Work required: Exclude all pictures, then write out exactly the lines below from the first one through the line with "Farolim Stop Esq Bmw 3 (E46) - 4".

Scraped caption text data
──────────────────────────────
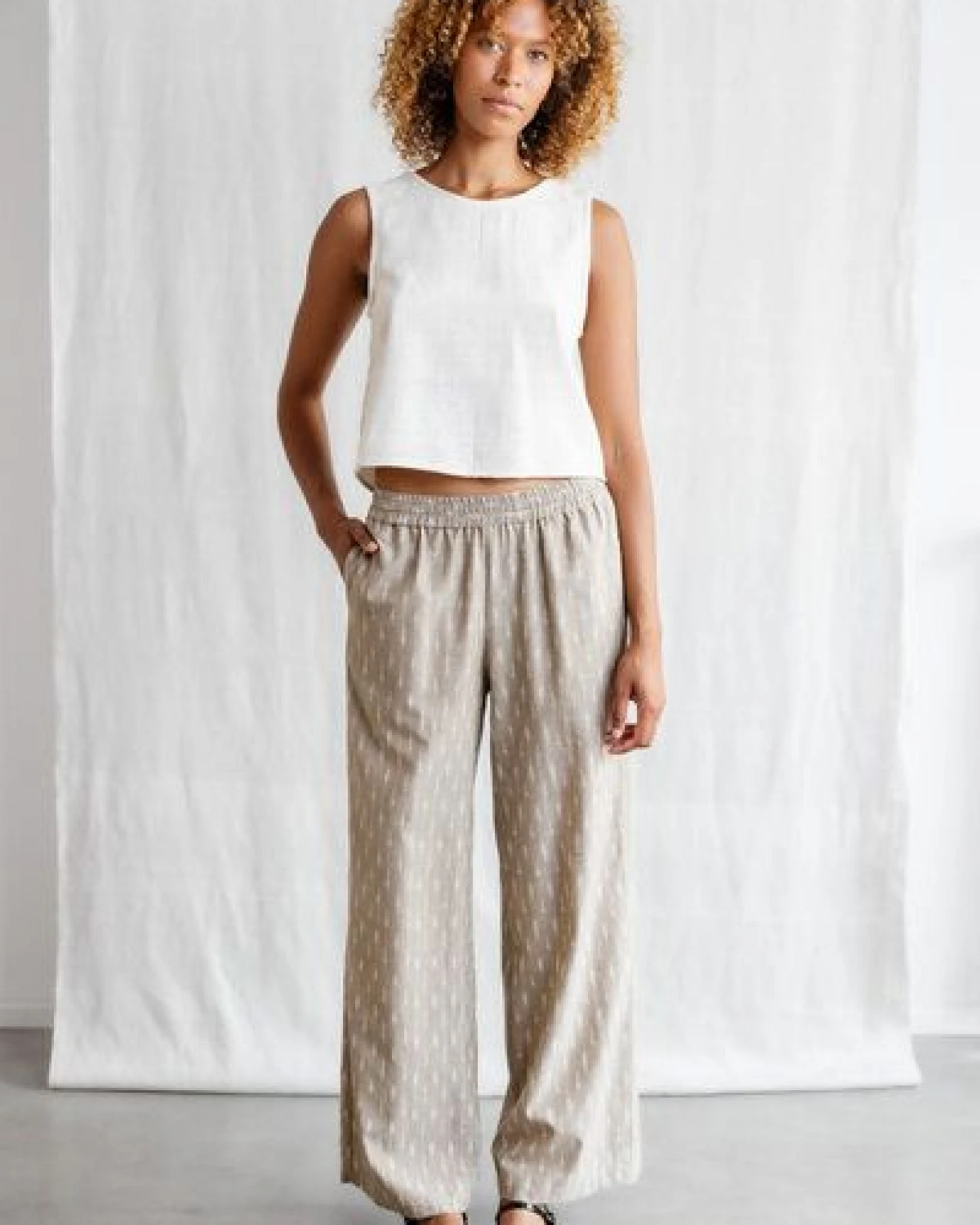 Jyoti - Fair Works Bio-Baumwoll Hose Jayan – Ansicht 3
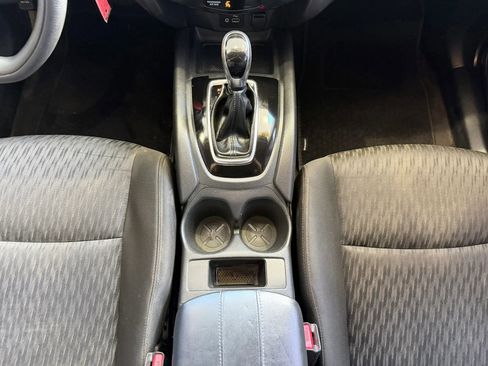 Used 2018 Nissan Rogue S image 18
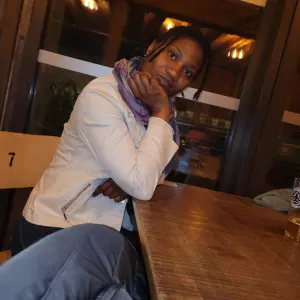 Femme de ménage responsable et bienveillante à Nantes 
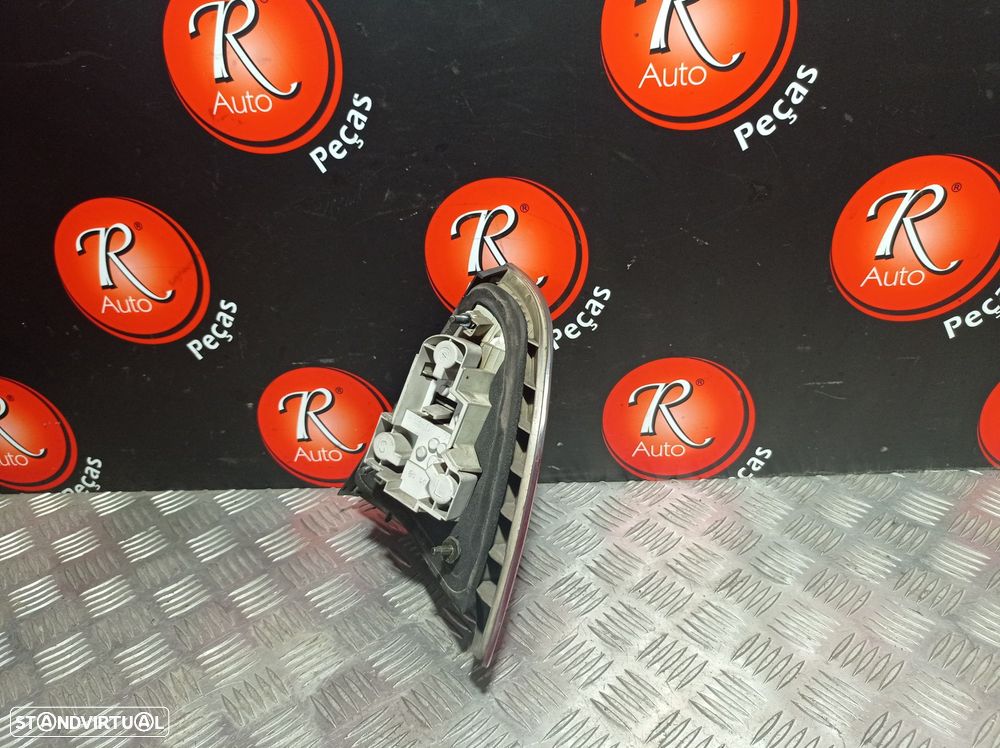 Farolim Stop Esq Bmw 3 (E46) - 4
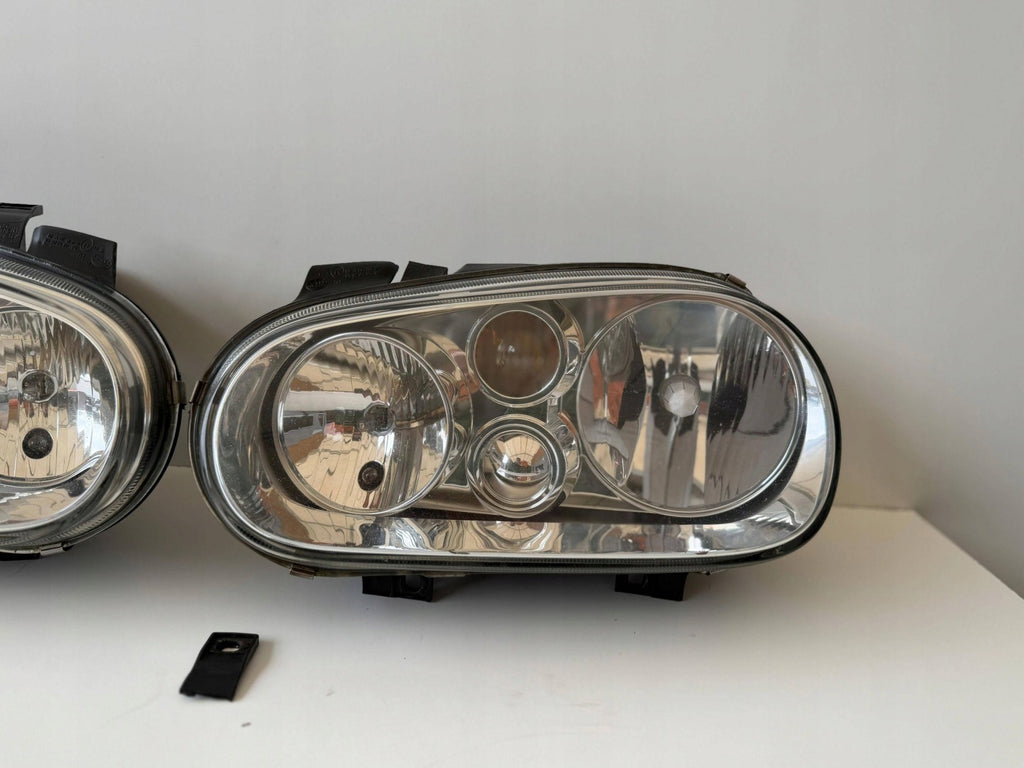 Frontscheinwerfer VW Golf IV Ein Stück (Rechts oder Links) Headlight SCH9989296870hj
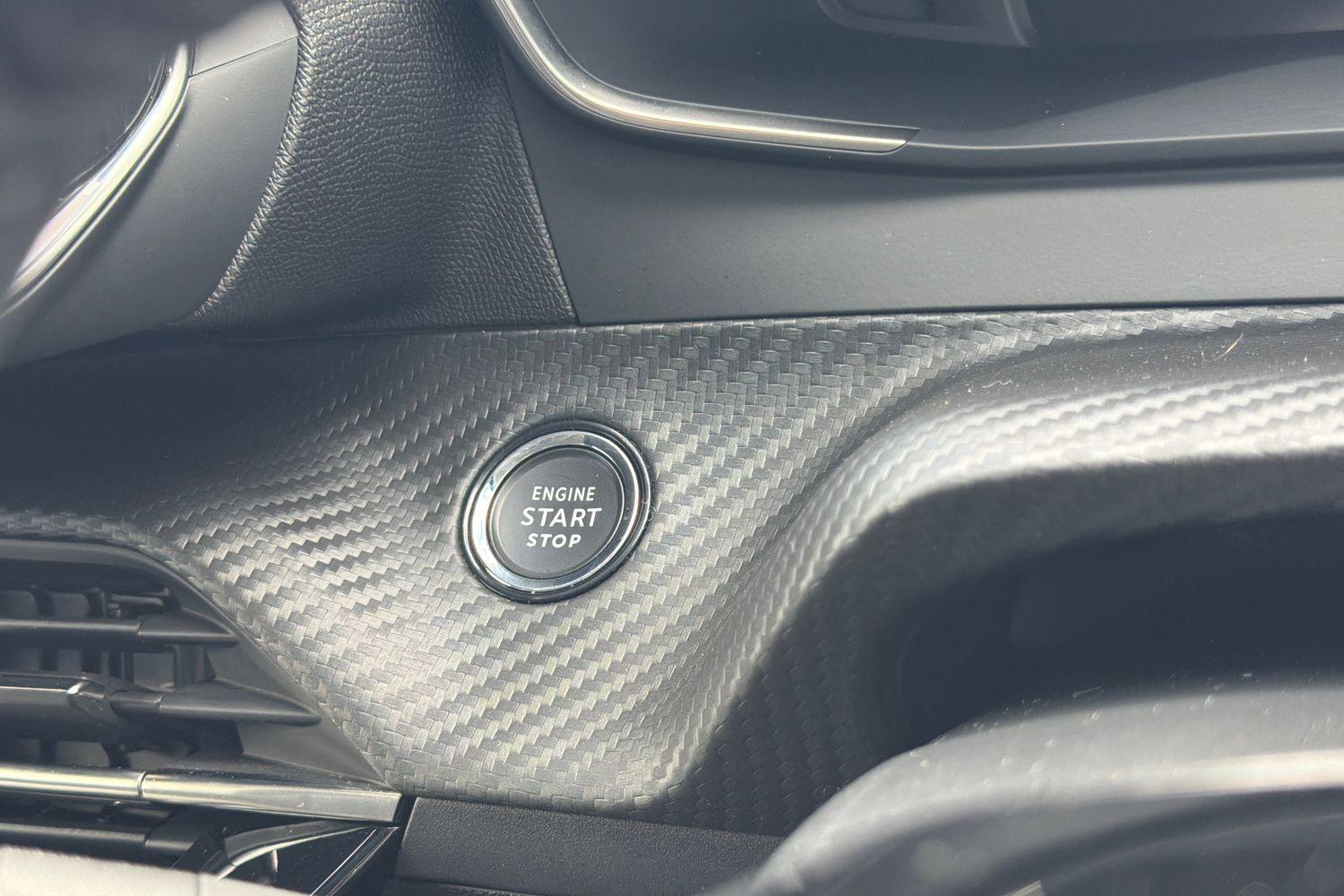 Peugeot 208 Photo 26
──────────────────────────────
Output of the task:
 Jyoti - Fair Works Bio-Baumwoll Hose Jayan – Ansicht 3
 Used 2018 Nissan Rogue S image 18
 Femme de ménage responsable et bienveillante à Nantes 
 Farolim Stop Esq Bmw 3 (E46) - 4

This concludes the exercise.